La propuesta busca transmitir tres sensaciones:
- Intimidad con el animal y sus reacciones.
- Incertidumbre sobre lo que ocurre fuera de plano.
- Una mezcla de ternura y miedo, difícil de lograr con protagonistas humanos.
Ben Leonberg y su compañero Indy: rodaje artesanal y paciente
Detrás del proyecto está el director Ben Leonberg, que salta al largo tras una carrera en cortometrajes. Para este filme utilizó a su perro, Indy, como alma y motor de la historia.
Leonberg no recurrió a varios perros adiestrados. Eligió trabajar con un animal sin formación interpretativa y eso alargó el rodaje de forma notable.
- El rodaje se extendió alrededor de 400 días.
- Para preservar cierta naturalidad, el director aparece con su compañero humano, pero utiliza un doble de cuerpo que oculta su rostro.
- Cada escena estuvo planificada con storyboards exhaustivos.
Cómo se construye el miedo: recursos visuales y narrativos
La película funciona gracias a decisiones visuales precisas. El uso del fuera de campo y los primeros planos construyen atmósferas extrañas.
Ejemplos de recursos empleados:
- Presencia espectral sugerida desde fuera de plano. A menudo solo se muestran piernas o sombras.
- Planos cortos del perro que, por efecto psicológico, conectan emociones con objetos o escenas.
- Secuencias oníricas que representan las pesadillas del animal y aumentan la tensión.
El director explota el efecto Kuleshov: al unir una mirada canina con otros encuadres, se crea una emoción que no siempre coincide con la realidad. Así, lo que aparenta ser miedo puede nacer de una simple yuxtaposición visual.
Por qué la propuesta convence en Sitges
En el festival la película despertó interés por su originalidad y su duración contenida. Con apenas una hora y 20 minutos, evita el relleno y mantiene el pulso.
- La economía narrativa favorece la tensión constante.
- La interacción entre perro y dueño aporta calor humano en medio del misterio.
- El tono artesanal y la apuesta técnica atraen a quien busca cine de género diferente.

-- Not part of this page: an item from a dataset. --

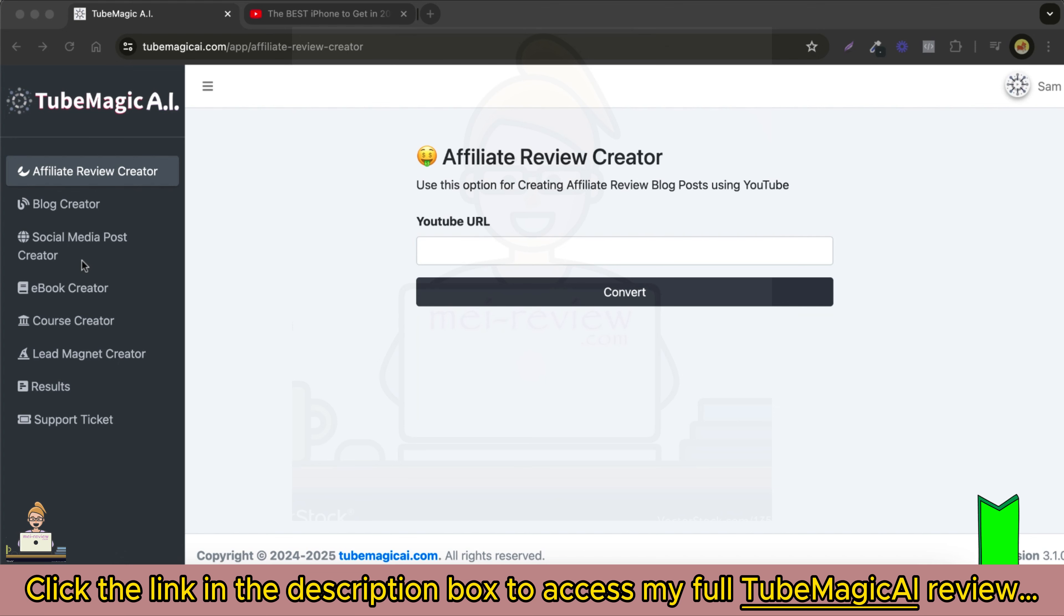Create informative ebooks and lead magnets to grow your email list. You can click here to start converting YouTube videos into ebooks.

Fechas, distribución y por qué verla en pantalla grande
Good Boy llegará a las salas el 17 de octubre. Su naturaleza visual se beneficia de exhibirse en cine.
Verla en pantalla grande potencia:
- La inmersión en la perspectiva baja del perro.
- La intensidad de sus secuencias oníricas.
- El trabajo de montaje que juega con fuera de campo y primeros planos.